# Photobook of my mantids (from Brazil!)



## CesarF (Jan 21, 2013)

_*Acanthops erosa*_






















*Acanthops erosa *L1 Nymph
















I'll post the other pictures (of Angela sp, Stagmatoptera binotata and Macromusonia) when I get 10 comments xD


----------



## hierodula (Jan 21, 2013)

ceasar, sharing is caring..... you wanna share with me?  Great photos.


----------



## Mime454 (Jan 21, 2013)

No one comment and see how long it takes his resolve to break.


----------



## CesarF (Jan 21, 2013)

Mime454 said:


> No one comment and see how long it takes his resolve to break.


I'll not give up easily!!! o/And my comments don't count!

Tell me what you think, to make me happy and willing to post more! =D


----------



## angelofdeathzz (Jan 21, 2013)

The erosa 2nd pic is the shnizzle!


----------



## SilentDeviL (Jan 21, 2013)

CesarF said:


> I'll not give up easily!!! o/
> 
> And my comments don't count!
> 
> Tell me what you think, to make me happy and willing to post more! =D


Posting more Pic's Don't really help we can just Google Species by name and see the pic's......... Sharing the Species to us would be grateful So we can have a chance to try it....


----------



## Paradoxica (Jan 21, 2013)

Let's see the rest!


----------



## leviatan (Jan 22, 2013)

great species


----------



## ShieldMantid1997 (Jan 22, 2013)

The L1's don't even look like L1's, most species L1's look so different, and young. This species L1 looks like a small version of an older nymph.


----------



## Phyliok (Jan 22, 2013)

Beautiful !


----------



## sally (Jan 22, 2013)

very nice!


----------



## lancaster1313 (Jan 23, 2013)

Great photos of a lovely species.


----------



## Paradoxica (Jan 23, 2013)

I count 10! :clown:


----------



## CesarF (Jan 23, 2013)

Some of my female Stagmatoptera binotata


















When I get more 5 comments, I'll post more =]


----------



## lancaster1313 (Jan 23, 2013)

Stunning!


----------



## twolfe (Jan 23, 2013)

Very cool. Is that Acanthops species difficult to raise/breed? Since I got into this hobby, this species has been in demand and it seems like there have been very few for sale.

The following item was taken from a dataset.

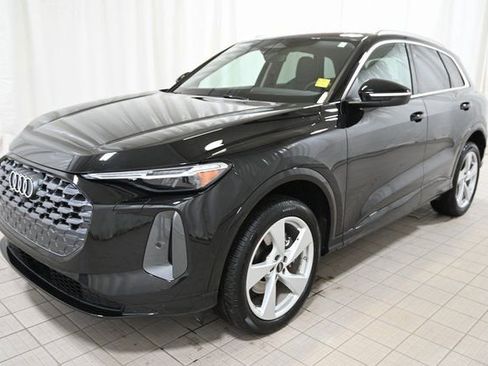 Used 2025 Audi Q5 Premium Plus w/ Premium Plus AWD/4WD image 17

That L1 Acanthops is very interesting.


----------



## Montana (Jan 23, 2013)

CesarF said:


> When I get more 5 comments, I'll post more =]

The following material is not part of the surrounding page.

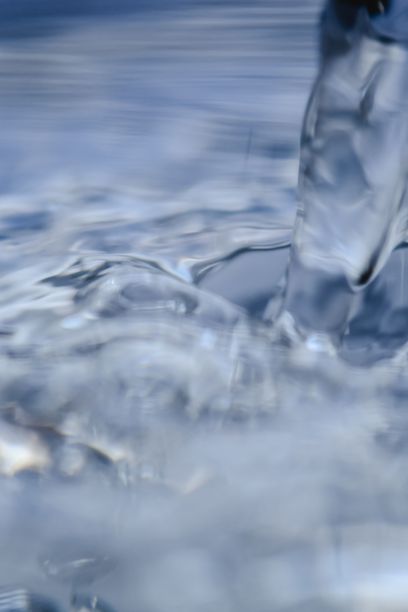 pexels-eva-bronzini-Wasser.jpg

Please, keep them coming! You have some awesome pictures.  I like the distinct look of both species you've posted so far. We don't see enough of those! Wonder what's next?


----------



## sally (Jan 23, 2013)

Yes post some more!


----------



## angelofdeathzz (Jan 23, 2013)

You need to be bribed with comments?  well here's one more then...


----------



## CesarF (Jan 24, 2013)

_Angela sp._
































More five and I'll post more xD


----------



## sally (Jan 24, 2013)

Twiggy is very interesting looking


----------



## lancaster1313 (Jan 24, 2013)

What a cute face.&lt;3


----------



## Sticky (Jan 24, 2013)

What a teeny tiny face!! It must be the daintiest eater.


----------



## Montana (Jan 24, 2013)

It looks so fragile! But I love the stick look and the look of its forelimbs.


----------



## Reptiliatus (Jan 24, 2013)

Wonderful photos of wonderful specimens! Do you think you'll be offering some oothecae for sale/trade any time soon?

Thanks


----------



## bobericc (Jan 24, 2013)

great pics. thanks for sharing some very interesting Mantis native to Brazil

Hopefully you'll continue to post regardless of your fivepost count


----------



## CesarF (Jan 25, 2013)

This time, I'll need 10 comments xD

Ty


----------



## sally (Jan 25, 2013)

Here's one ! Love this grouping


----------



## brancsikia339 (Jan 25, 2013)

Two! WHY MUST YOU BE BRIBED FOR AWESOME MANTIS PICTURES


----------



## sally (Jan 25, 2013)

Three lol didn't specify if it had to be different people soooo


----------



## CesarF (Jan 25, 2013)

-.-



sally said:


> Three lol didn't specify if it had to be different people soooo


man, at least make a compliment xP


----------



## Montana (Jan 25, 2013)

Five?  

Cesar, i love the coloration on that Stagmatoptera. Do you find these i the wild? I'd be interested in hearing what kinds of plants each of the different species hang around.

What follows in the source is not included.